### Task statement
The required answer is the run of lines from the one holding "Paese Nanorevit Contour" to the end of the data below, copied exactly and free of pictures.

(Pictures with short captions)
• • •
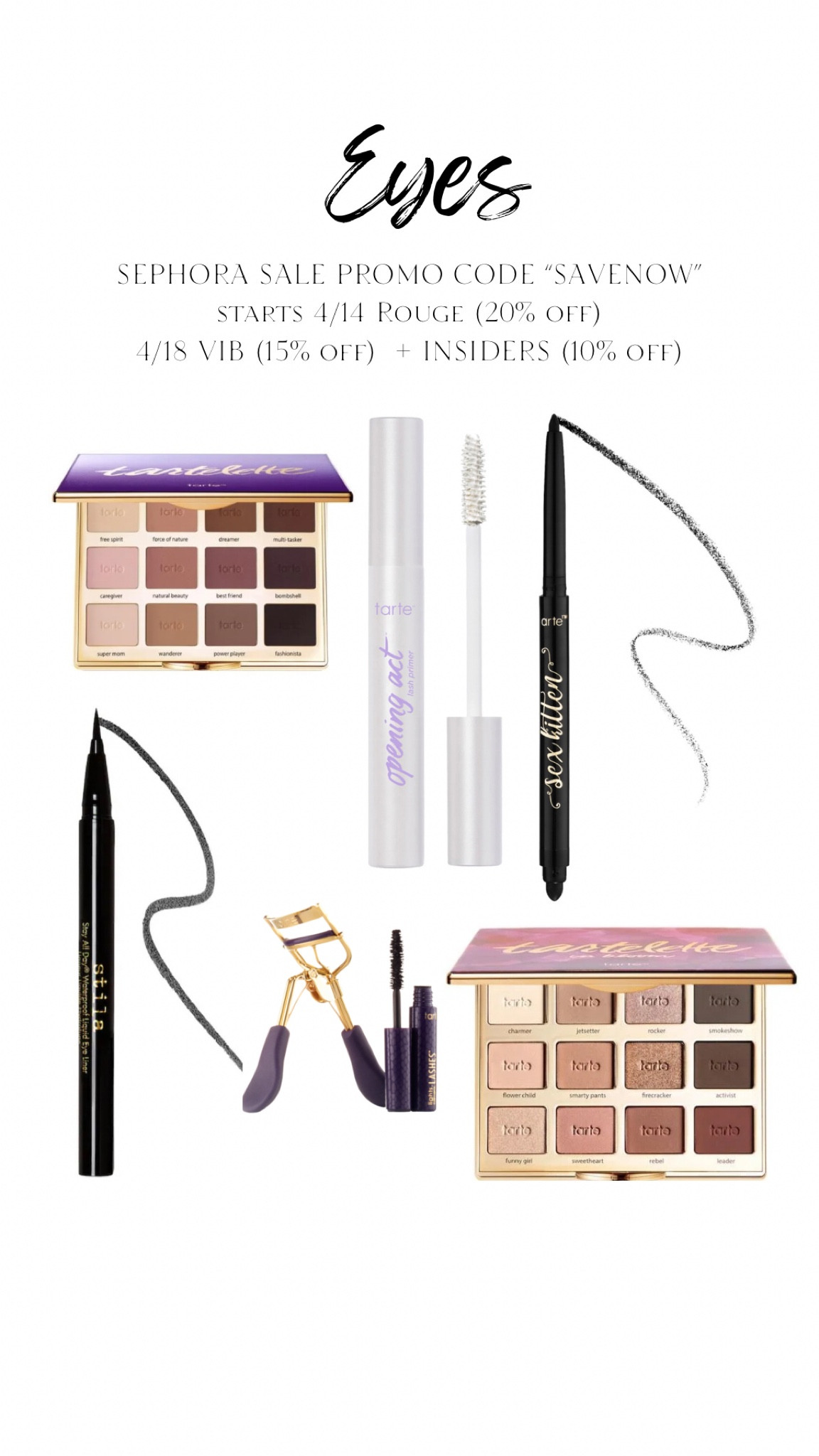 My eyemakeup must-haves! I own all of these.

#LTKBeautySale #LTKbeauty #LTKFind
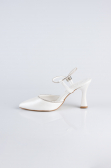 Party-Schuhe Leder Weiß MJD5150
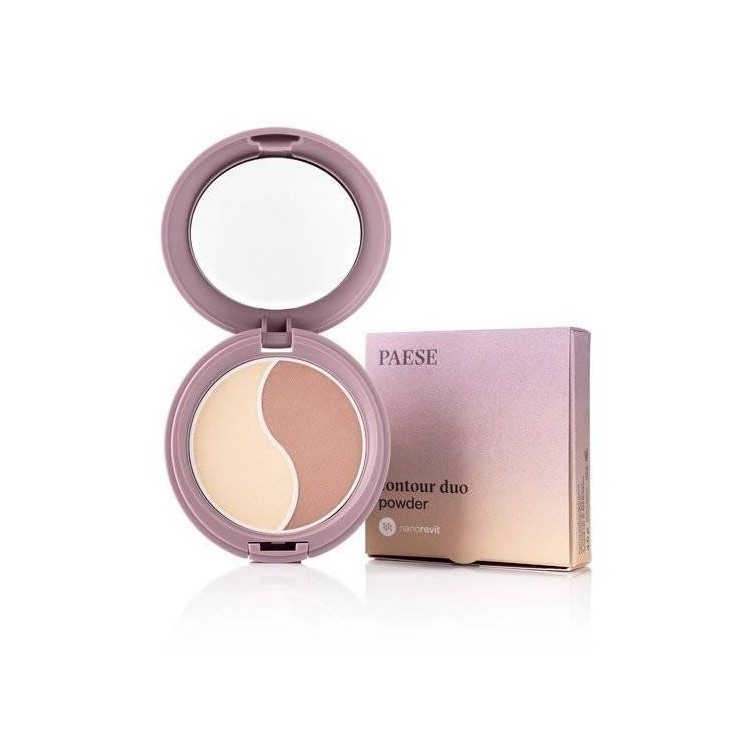 Paese Nanorevit Contour Duo Puder do konturowania twarzy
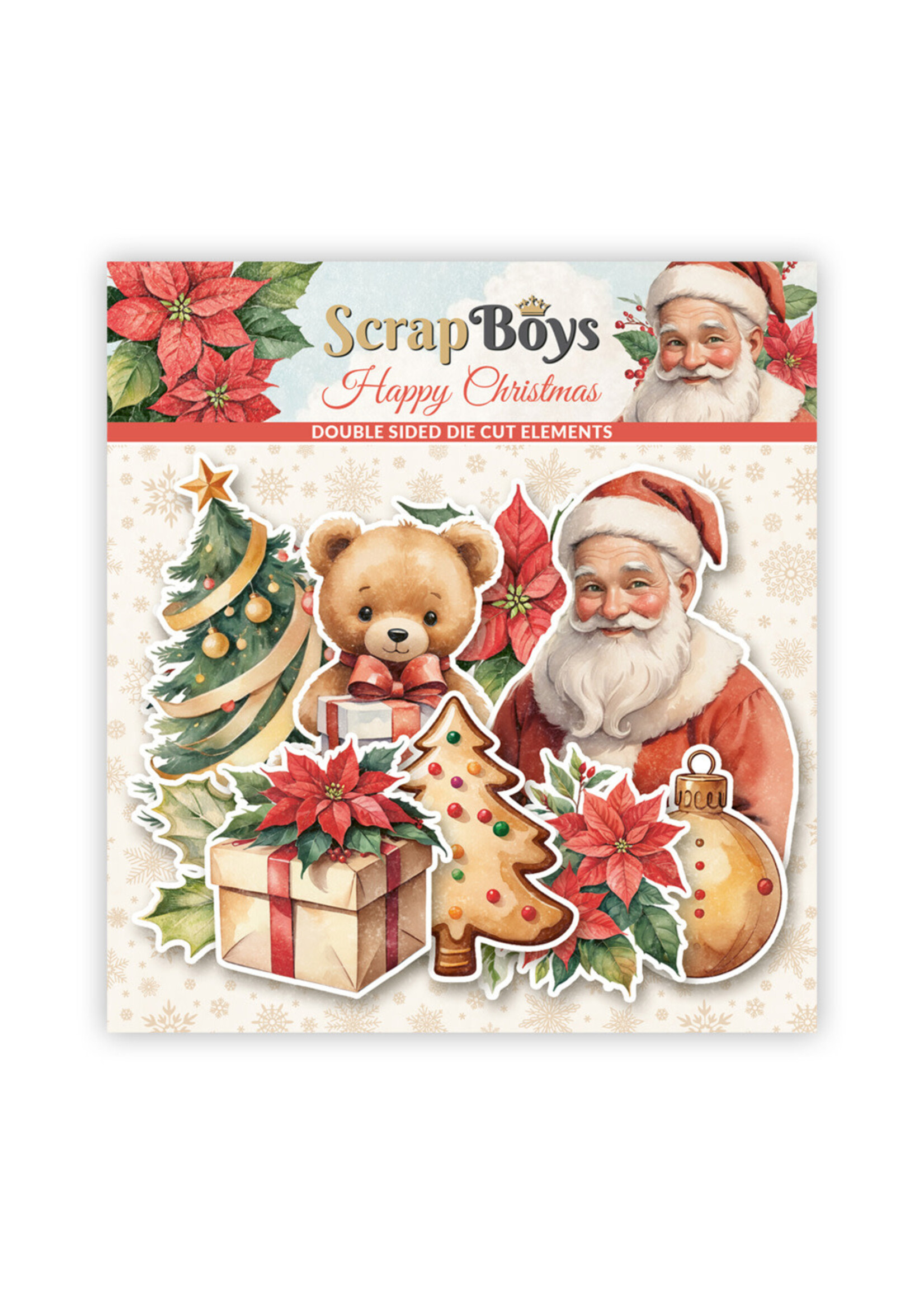 Scrap Boys Ephemera, Happy Christmas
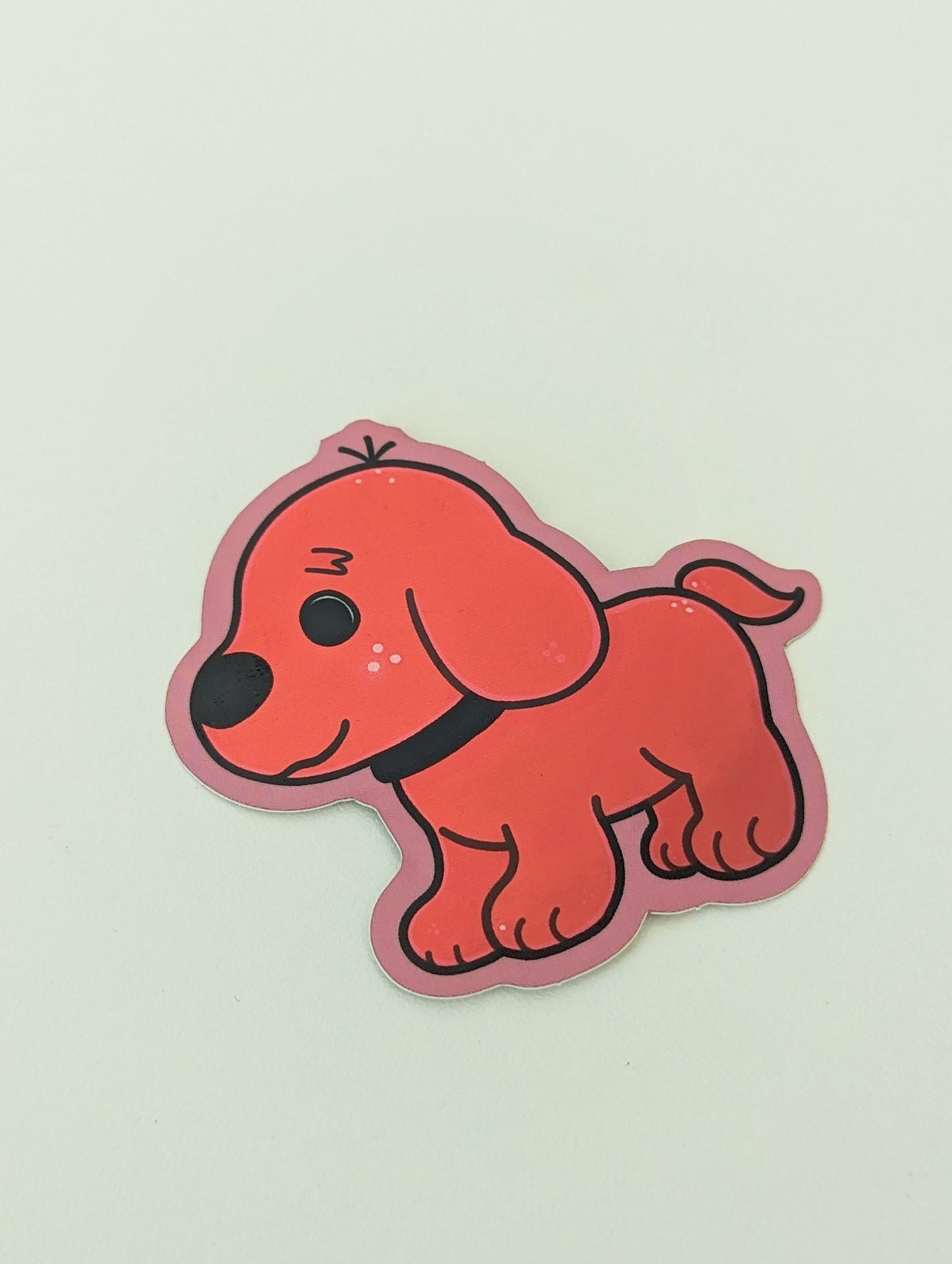 Clifford the Big Red Dog Sticker| Metallic Mirror Finish| Childhood Book| Nostalgic Kidcore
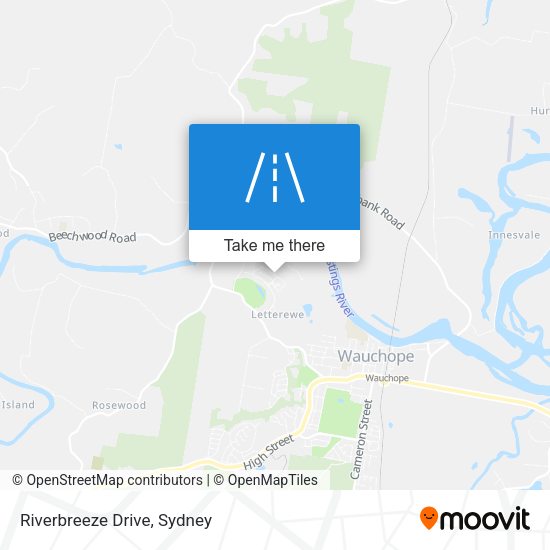 Riverbreeze Drive map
• • •
### Task answer
 Paese Nanorevit Contour Duo Puder do konturowania twarzy
 Scrap Boys Ephemera, Happy Christmas
 Clifford the Big Red Dog Sticker| Metallic Mirror Finish| Childhood Book| Nostalgic Kidcore
 Riverbreeze Drive map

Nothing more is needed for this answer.